The study, which included publishers such as Business Insider, Mail Online, The New York Times, Turner, Wall Street Journal, The Washington Post and Watson Advertising, looked at the total available inventory across all exchanges.
DSPs provided anonymous data, for a single day in August, showing on the number of unique exchanges, unique publisher IDs, and number of impression callouts for the 26 domains owned by the participating publishers. The publishers then compared the DSP data against their own advertising system data.
What they found
The analysis found that video callouts—an impression available as inventory on a DSP—were overstated by 57 times the available inventory, representing about 700 million counterfeit callouts per day.
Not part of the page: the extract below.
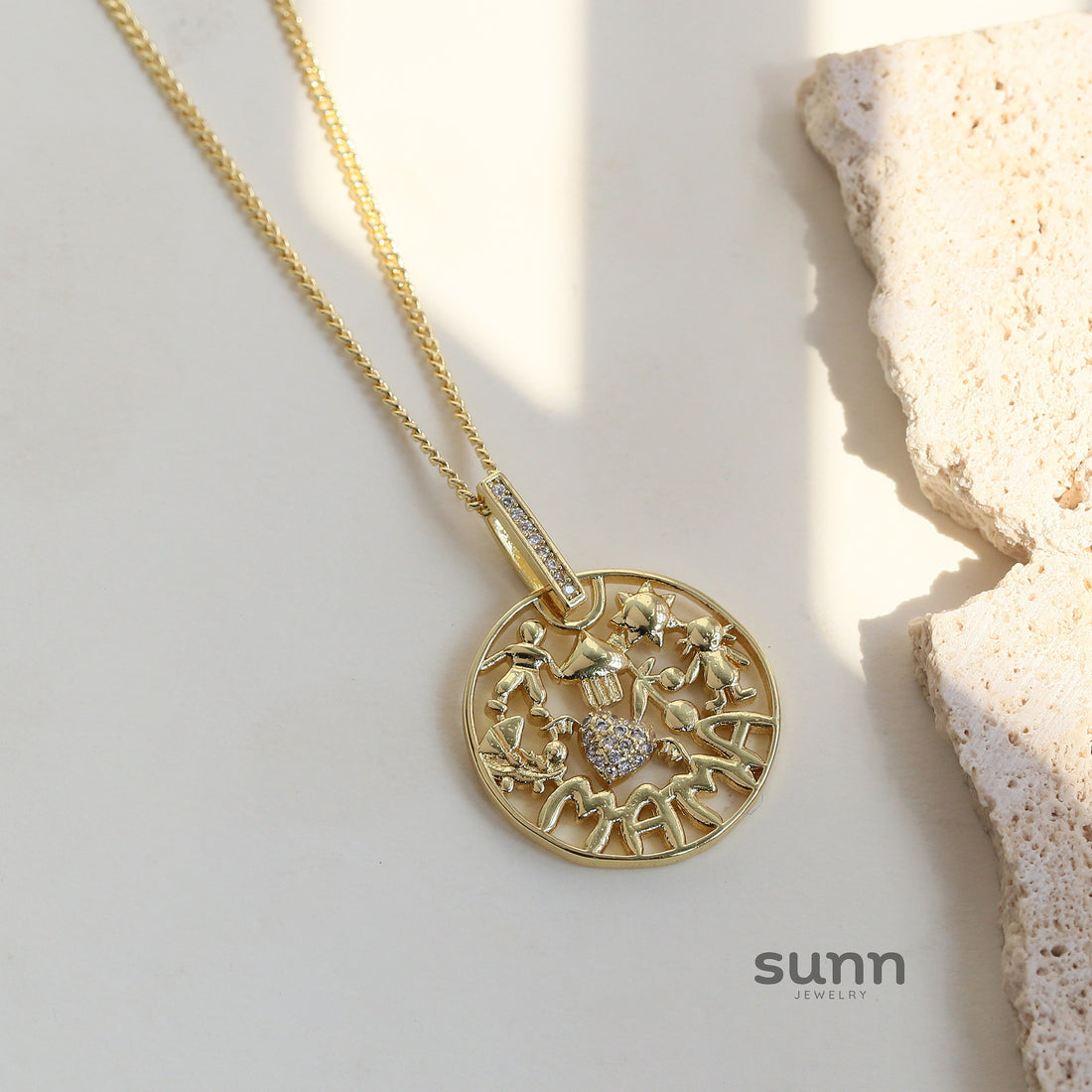 Ala Mama Heart Pendant Necklace [UFJNHC5E]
Display callouts were overstated by four times the available inventory, representing billions of counterfeit callouts per day.
This counterfeit inventory was not concentrated to small number of technology platforms, but was spread out across the ecosystem.
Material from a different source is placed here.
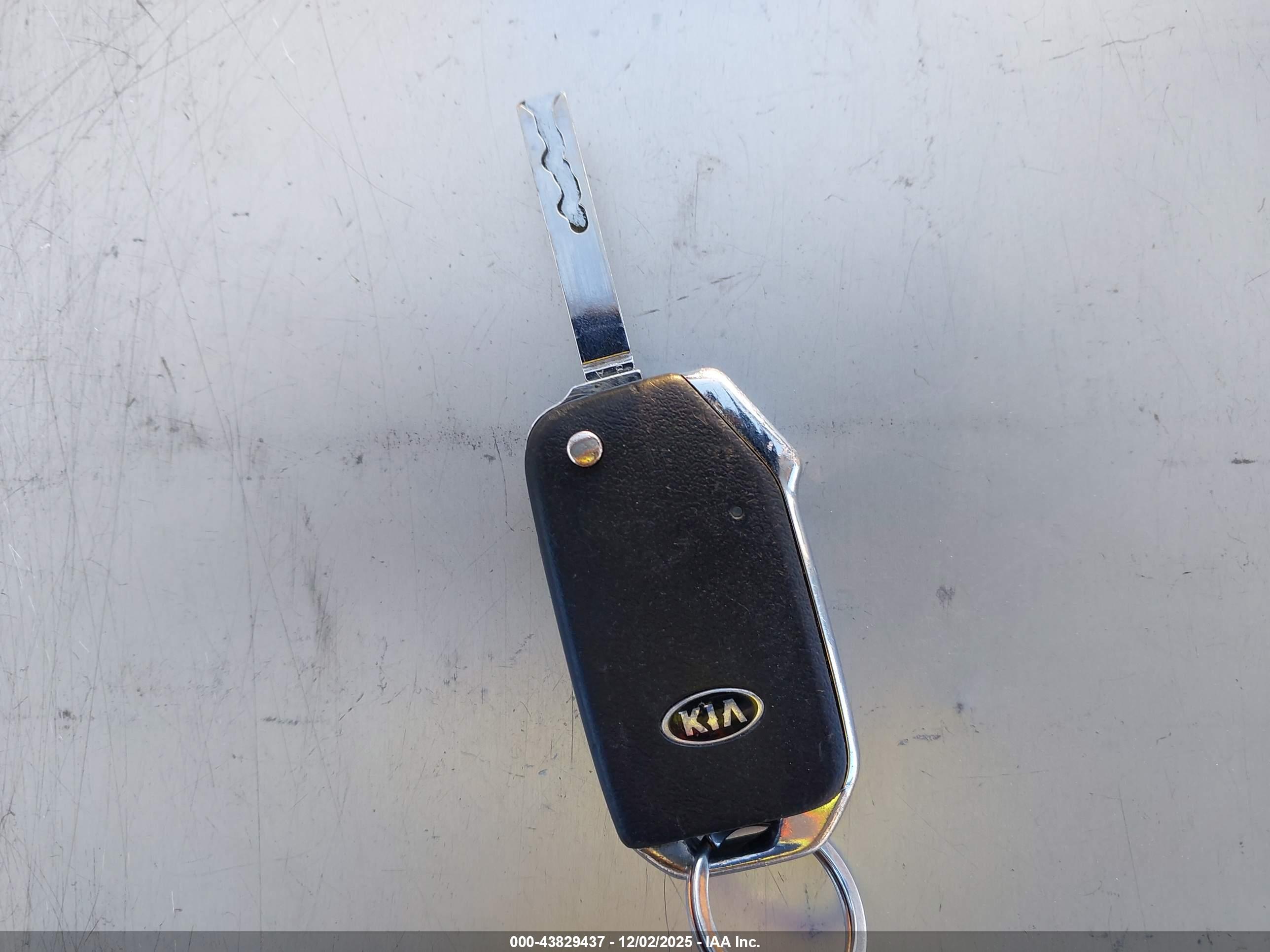 KIA FORTE image 11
Publishers in the study reported using on average 12 exchanges with 28 accounts to sell display, and two exchanges with six accounts to sell video.
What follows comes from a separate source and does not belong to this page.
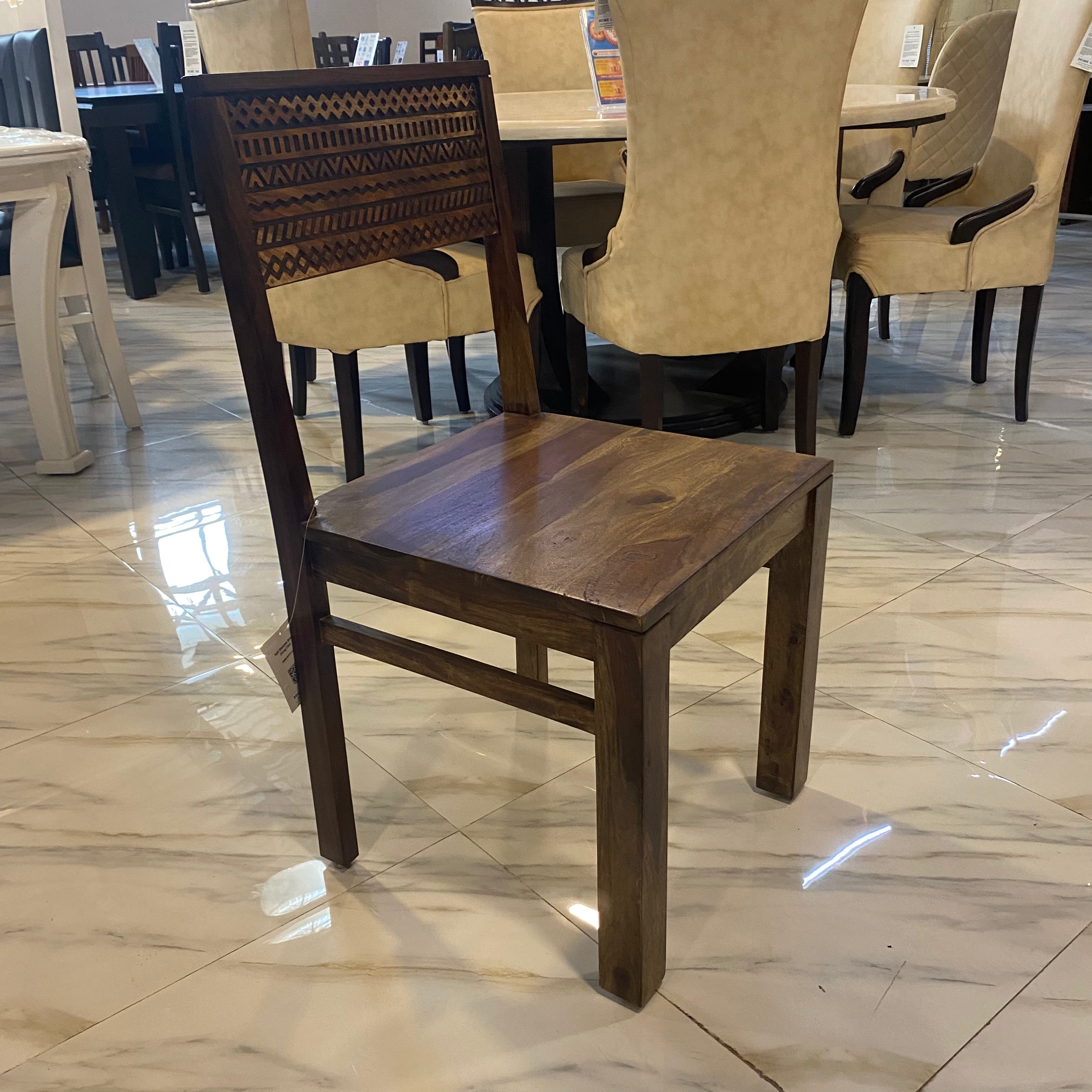 Spiti Dining Chair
However, the DSPs found their inventory available across 22 exchange and 129 accounts for display and 26 exchanges across over 1,000 accounts for video, on average.
These counterfeit impressions are created when a bad seller replaces the URL of a low quality site with a premium publisher URL, or a fraudster creates fake impressions and labels them with a high quality publisher’s URL.
Then, the counterfeiters send their fake inventory to auction at multiple exchanges and SSPs, without the knowledge of the publishers they’re impersonating, to trick advertisers into thinking they are buying premium publisher inventory. By hiding in the digital supply chain, counterfeiters are robbing premium publishers of revenue they deserve, and tricking advertisers into buying mislabelled and potentially unsafe inventory.
Criminal activity
"The results of this study confirm that ads.txt needs to be adopted as rapidly as possible to cut off the flow of counterfeit website inventory," Dennis Buchheim, senior vice-president and general manager, IAB Tech Lab, which helms the ads.txt initiative, said. "It is critical that the industry comes together to put a stop to criminal activity and secure the health of the supply chain."
The report recommended that advertisers should start demanding that their campaigns run only on authorised inventory, as defined by publishers’ ads.txt files, or work directly with their preferred publisher brands.
"If they’re not buying authorised inventory, they risk having their ads appear on counterfeit, low quality, websites when they think they’re appearing somewhere else," the report recommended.
"If the industry is going to seriously take on counterfeit inventory, publishers need to immediately get behind ads.txt otherwise this problem will linger and continue to hurt both brands and publishers," Jana Meron, vice-president of programmatic and data strategy at Business Insider, said.
Ads.txt is an "elegant solution", Jason Tollestrup, director of programmatic advertising and business intelligence at The Washington Post, commented. "As a simple text file, this is an easy solution for other publishers to implement, helping eliminate most all counterfeit inventory."